PRESS RELEASE N0. 12 26, January 2012
Wednesday 25 January 2012 report by Stewart Reuben on Round 2 of the Masters
The life-blood of publicity for chess tournaments is the games of the players. The better the games, the more they will be circulated. Since there were so many clashes at the top, there were a very large number of entertaining games considering it is only the second round. Some of the games will be anthologised and played over for many years to come in many different countries.
However the game between Artur Jussupov GER 2569 and Peter Svidler RUS 2749 was not one of them. The game was a very fair draw after 30 moves, but there should be a Chessbase symbol for such games. Virtually all the other games were in complete contrast and provide a very enjoyable experience when played through.
Shakhriyar Mamedyarov AZE 2747 v Tamir Nabaty ISR 2563 had just one flaw. Tamir resigned before the spectators understood why. There should be a law against it. But Black played a splendid concept with 14…Ng4. Whether it was sound is quite another matter.
Emanuel Berg SWE 2550 v Michael Adams ENG 2724 was possibly the Game of the Day. But no doubt there are a lot of contenders that I have yet to see. Michael is much better prepared these days than years ago.

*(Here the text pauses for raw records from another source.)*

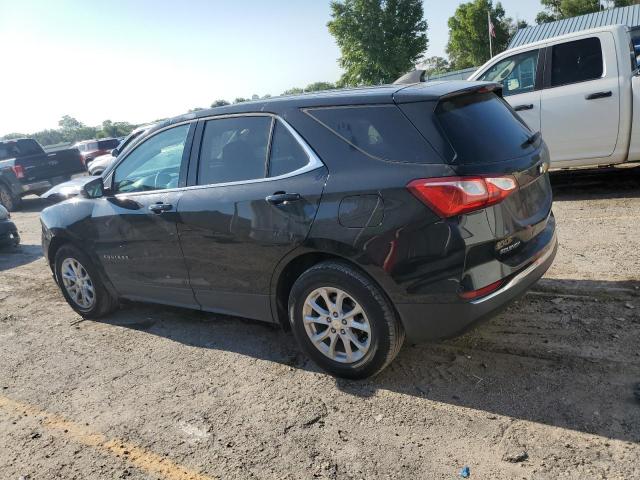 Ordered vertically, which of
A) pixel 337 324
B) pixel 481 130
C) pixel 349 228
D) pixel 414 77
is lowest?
pixel 337 324

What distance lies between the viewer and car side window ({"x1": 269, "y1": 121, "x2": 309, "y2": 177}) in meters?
3.27

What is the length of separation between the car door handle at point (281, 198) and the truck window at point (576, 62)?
5.09m

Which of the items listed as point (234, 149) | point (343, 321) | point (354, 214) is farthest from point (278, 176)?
point (343, 321)

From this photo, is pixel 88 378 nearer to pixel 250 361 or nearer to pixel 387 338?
pixel 250 361

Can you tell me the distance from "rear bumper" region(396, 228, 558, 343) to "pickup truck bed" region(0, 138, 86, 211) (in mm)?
14030

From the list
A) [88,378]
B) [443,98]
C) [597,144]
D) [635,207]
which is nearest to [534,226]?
[443,98]

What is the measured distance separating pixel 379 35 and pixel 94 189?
36.1 meters

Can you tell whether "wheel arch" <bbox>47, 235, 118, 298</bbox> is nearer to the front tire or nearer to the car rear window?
the front tire

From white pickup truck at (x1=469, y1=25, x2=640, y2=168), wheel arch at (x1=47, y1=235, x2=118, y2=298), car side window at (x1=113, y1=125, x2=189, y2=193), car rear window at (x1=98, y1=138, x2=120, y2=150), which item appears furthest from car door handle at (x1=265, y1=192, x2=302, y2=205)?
car rear window at (x1=98, y1=138, x2=120, y2=150)

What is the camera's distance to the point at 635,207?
6.07m

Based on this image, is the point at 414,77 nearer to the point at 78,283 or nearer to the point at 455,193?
the point at 455,193

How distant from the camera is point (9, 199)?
14.1m

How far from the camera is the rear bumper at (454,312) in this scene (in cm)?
282

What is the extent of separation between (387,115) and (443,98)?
1.07 ft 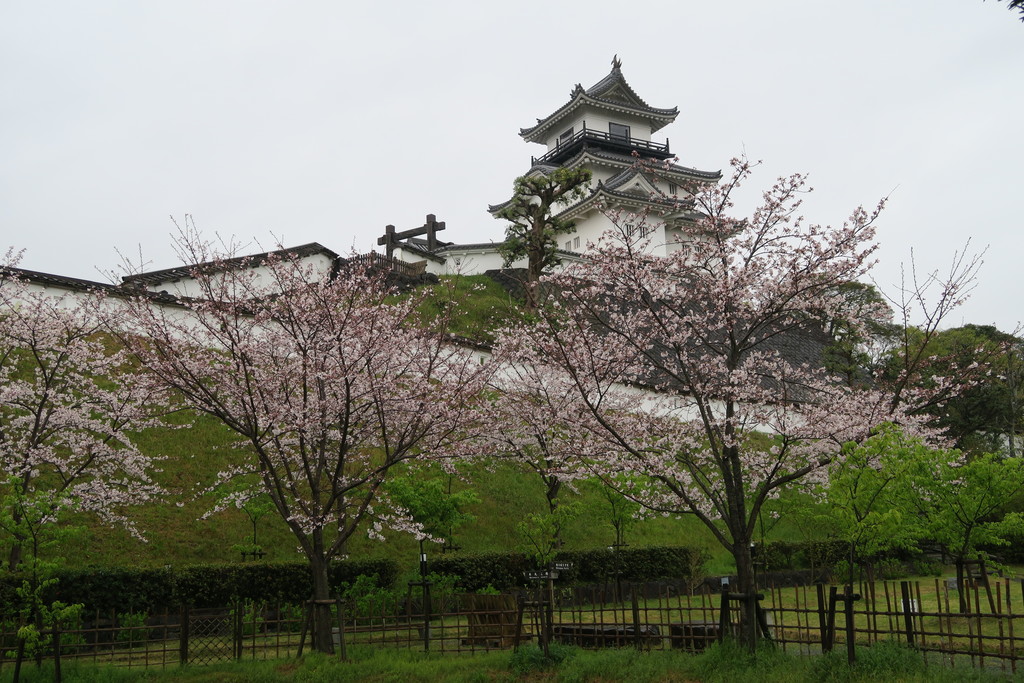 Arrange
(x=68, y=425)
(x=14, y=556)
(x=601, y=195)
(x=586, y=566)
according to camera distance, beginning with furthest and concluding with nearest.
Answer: (x=601, y=195), (x=586, y=566), (x=68, y=425), (x=14, y=556)

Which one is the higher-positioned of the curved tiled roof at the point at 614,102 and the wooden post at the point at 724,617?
the curved tiled roof at the point at 614,102

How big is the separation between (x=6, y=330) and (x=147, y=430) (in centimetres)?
Answer: 464

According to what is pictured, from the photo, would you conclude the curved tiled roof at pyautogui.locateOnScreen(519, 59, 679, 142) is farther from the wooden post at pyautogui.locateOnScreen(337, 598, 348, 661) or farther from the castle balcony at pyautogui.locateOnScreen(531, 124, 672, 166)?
the wooden post at pyautogui.locateOnScreen(337, 598, 348, 661)

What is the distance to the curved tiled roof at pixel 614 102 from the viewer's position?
5291 centimetres

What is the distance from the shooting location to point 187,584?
1490 cm

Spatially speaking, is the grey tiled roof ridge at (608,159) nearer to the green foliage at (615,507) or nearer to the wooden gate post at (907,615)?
the green foliage at (615,507)

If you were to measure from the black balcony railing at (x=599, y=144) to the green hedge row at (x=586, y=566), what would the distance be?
117 ft

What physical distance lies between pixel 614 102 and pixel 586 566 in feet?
134

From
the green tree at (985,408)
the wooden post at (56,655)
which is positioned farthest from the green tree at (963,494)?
the green tree at (985,408)

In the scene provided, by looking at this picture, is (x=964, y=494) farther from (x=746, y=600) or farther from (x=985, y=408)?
(x=985, y=408)

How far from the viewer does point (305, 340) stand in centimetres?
1387

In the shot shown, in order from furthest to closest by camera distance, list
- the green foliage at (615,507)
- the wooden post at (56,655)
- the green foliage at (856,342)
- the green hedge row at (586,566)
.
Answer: the green foliage at (856,342) < the green foliage at (615,507) < the green hedge row at (586,566) < the wooden post at (56,655)

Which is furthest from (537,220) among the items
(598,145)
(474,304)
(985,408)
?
(985,408)

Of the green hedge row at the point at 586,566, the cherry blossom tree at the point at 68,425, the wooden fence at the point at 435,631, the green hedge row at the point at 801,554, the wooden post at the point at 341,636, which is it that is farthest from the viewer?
the green hedge row at the point at 801,554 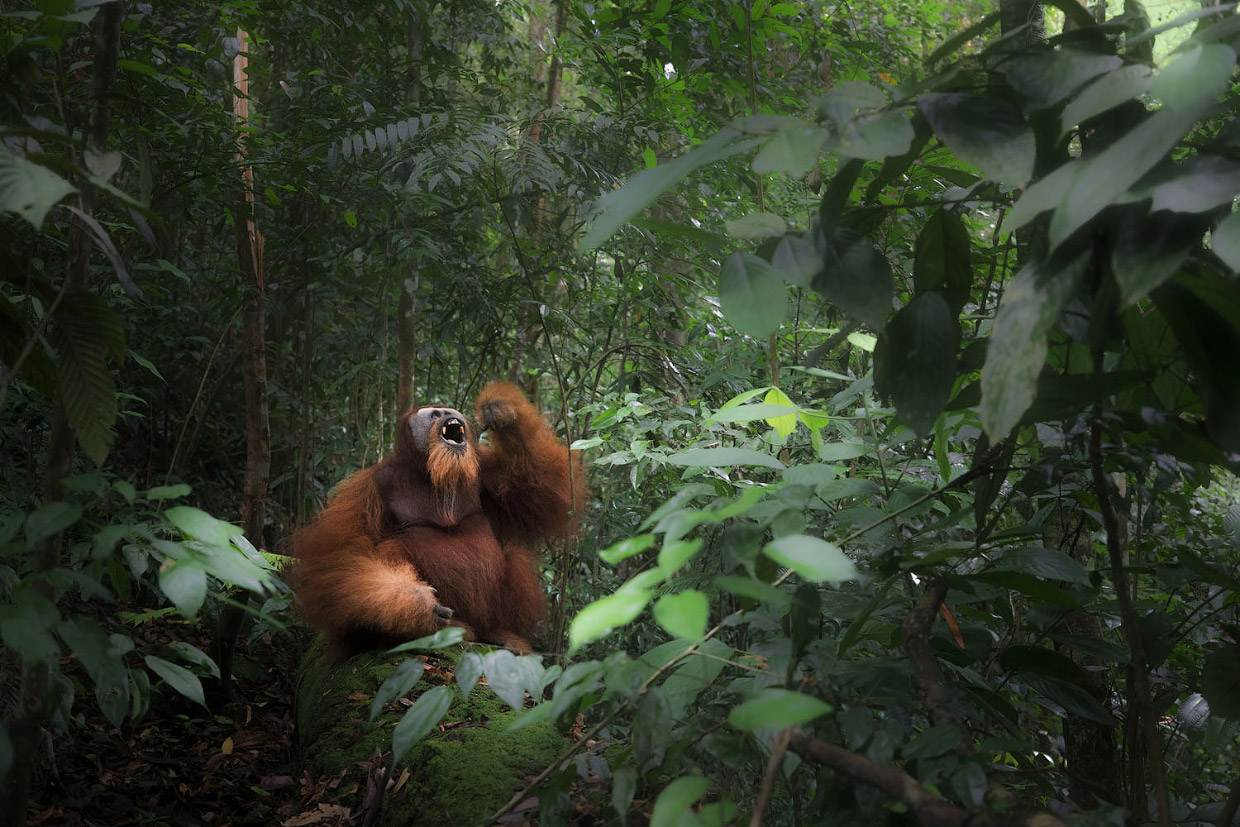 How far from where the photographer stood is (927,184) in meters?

1.e4 e5 2.Nf3 Nc6 3.Bb5 a6 4.Ba4 Nf6 5.0–0 Be7 6.Re1 b5 7.Bb3 d6 8.c3 0–0 9.h3 Nb8 10.d3 Nbd7 11.Nbd2 Bb7 12.Nf1 Re8 13.Ng3 Bf8 14.Ng5
(There is no doubt Michael gave up a pawn deliberately with 14…d5 as 15…Bxd5 16 Bxd5 Nxd5 17 Qh5 wins.)
14…d5 15.exd5 Nc5 16.d6 Nxb3 17.Qxb3
(Black has some compensation for the pawn lost in the shape of the bishop pair and the backward d pawn. 17…Bd5 loses to 18 c4.)
17…Qd7 18.dxc7 Rac8 19.a4 Rxc7 20.axb5 axb5 21.Ra5 Bc6 22.c4?!
(But was 21 Ra5 wise in conjunction with 22 c4 when the two white rooks could be attacked by the black bishop? After Black won the rook for bishop and White’s kingside was shattered, it was all over.)
22… bxc4 23.dxc4 Rb7 24.Qc2 h6 25.Nf3
(25 Raxe4 would still be approximately equal).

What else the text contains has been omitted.